If you want to rent AMD Epyc bare-metal boxes in the cloud, Oracle hopes you see red

As in, Big Red: Database giant says this offering is a worldwide first


OpenWorld Oracle today insisted it is the first public cloud vendor to offer bare-metal servers powered by AMD’s Epyc processors.

We're told an Epyc-based bare-metal Standard E2 server can be rented at $0.03 per core per hour, and is available immediately.
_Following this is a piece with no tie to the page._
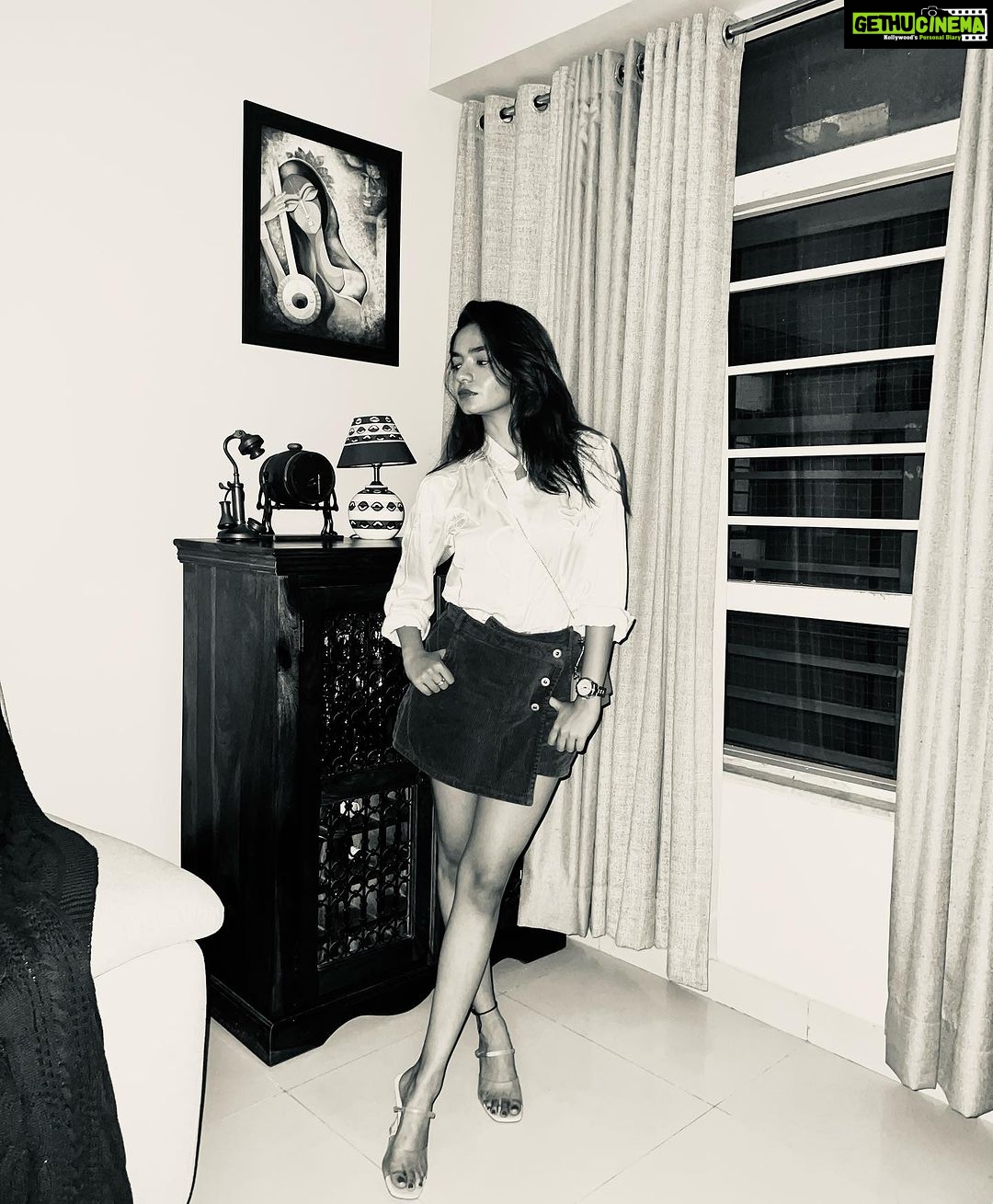 Anushka Sen Instagram - September is going away so fast 👀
Oracle claimed this was up to 66 per cent cheaper, on average, per core than general purpose instances offered by competitors, and 53 per cent less than Oracle's other compute instances.
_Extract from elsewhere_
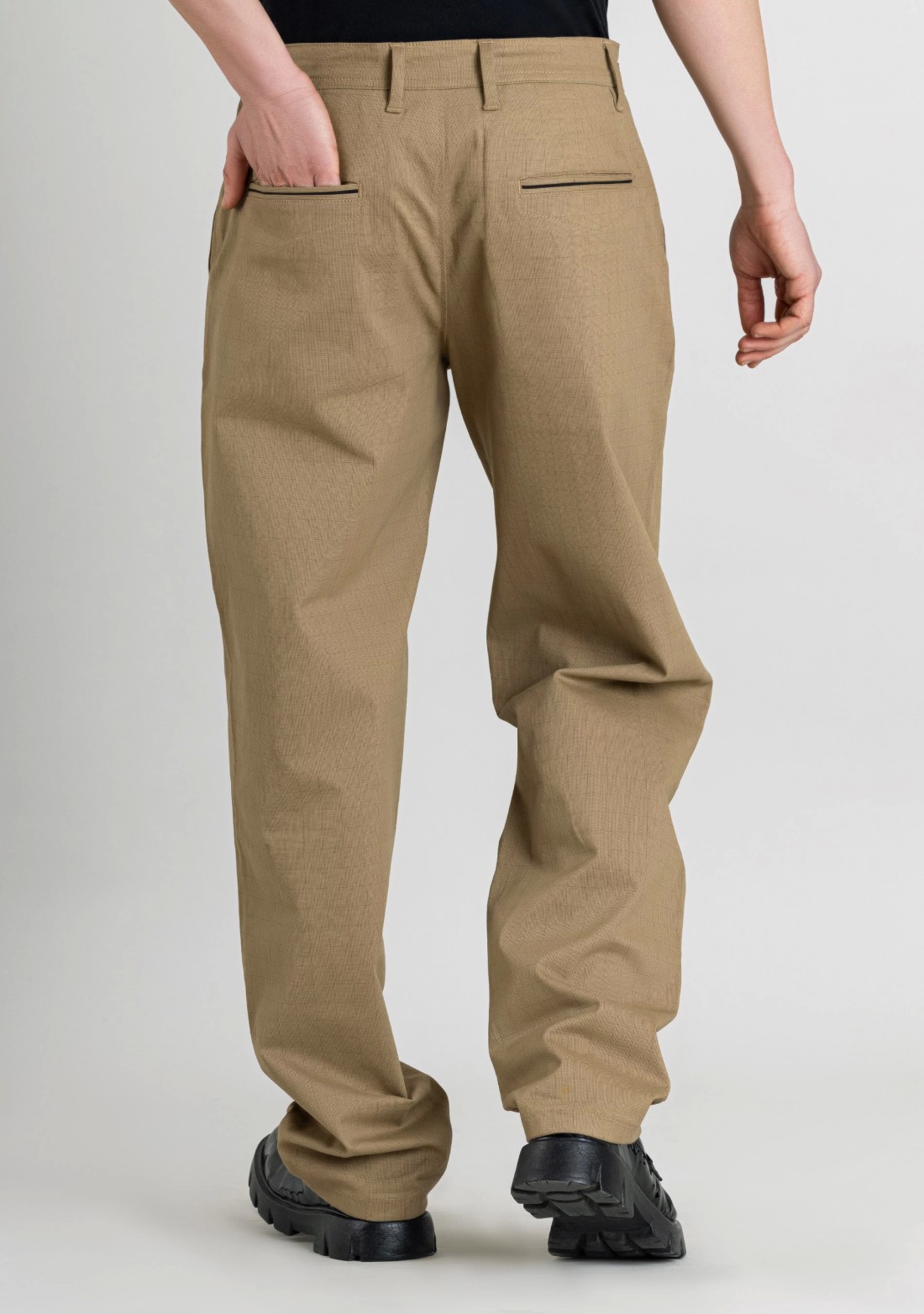 Beige Regular Fit Men’s Casual Cotton Check Trousers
In a blog post on Tuesday, Oracle's principal product manager for compute and HPC, Rajan Panchapakesan, claimed it was "the lowest price offered by any non-burstable compute instance in the public cloud."
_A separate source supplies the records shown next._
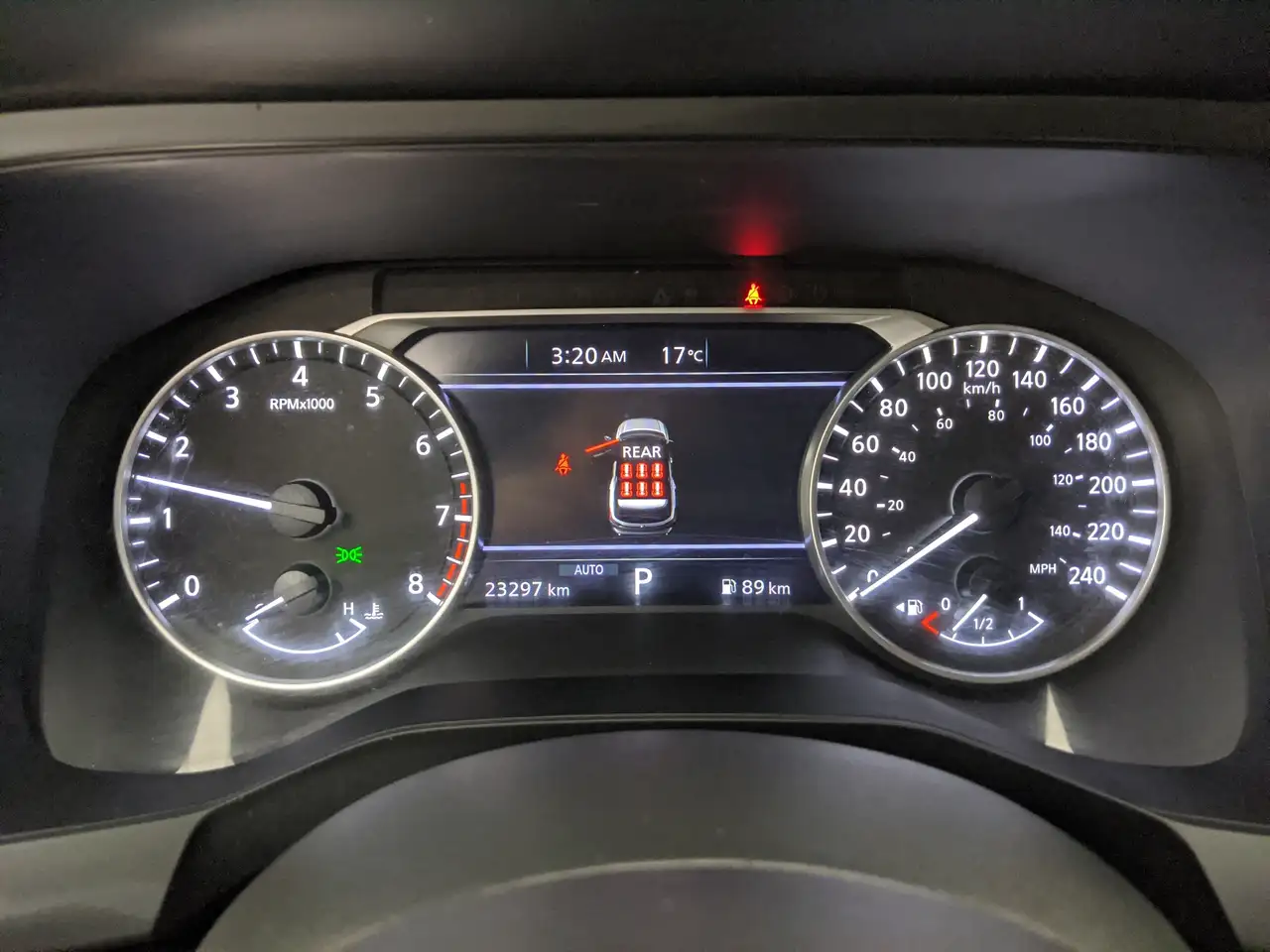 Nissan Pathfinder снимка Nissan Pathfinder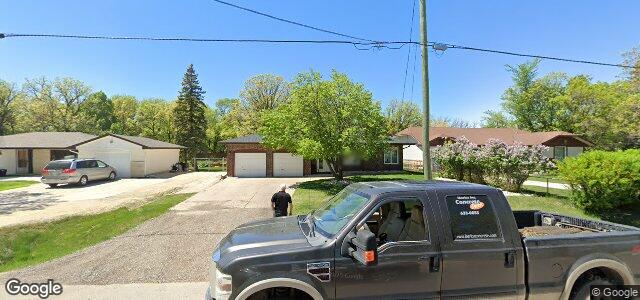 Larawan ng 226 Oakdale Drive sa Winnipeg, Manitoba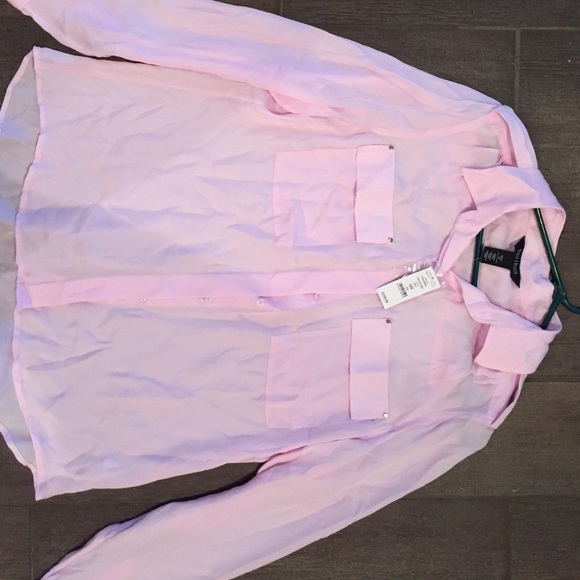 White House black market blouse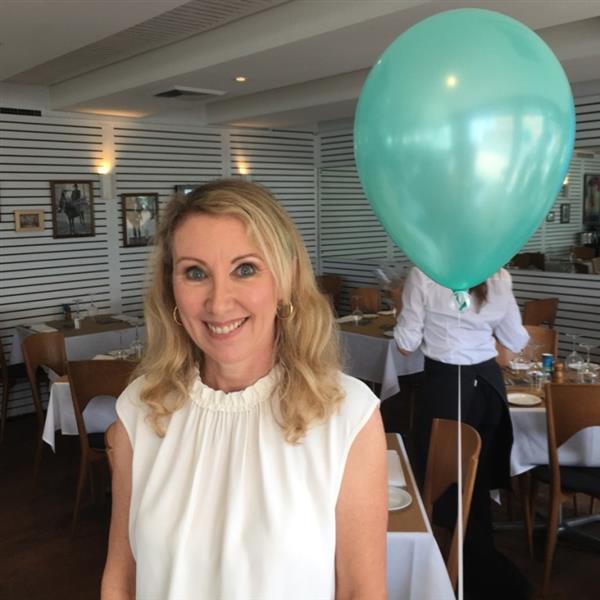 Grote foto mag ik een lekker diner voor je bereiden contacten en berichten vrouw zoekt man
The move is the latest tie-in between AMD and cloud providers: the chip biz struck a deal with Microsoft for the next generation of Azure’s L-series instances in December last year, for instance.

Follow the money

Speaking at the Oracle OpenWorld conference in San Francisco today, Clay Magouyrk, senior vice president of software development for Oracle Cloud Infrastructure, said the “significantly improved price performance” would offer 2 to 2.5 times more performance per dollar than rival services. This, he told attendees, would have an “important impact on your overall bottom line.”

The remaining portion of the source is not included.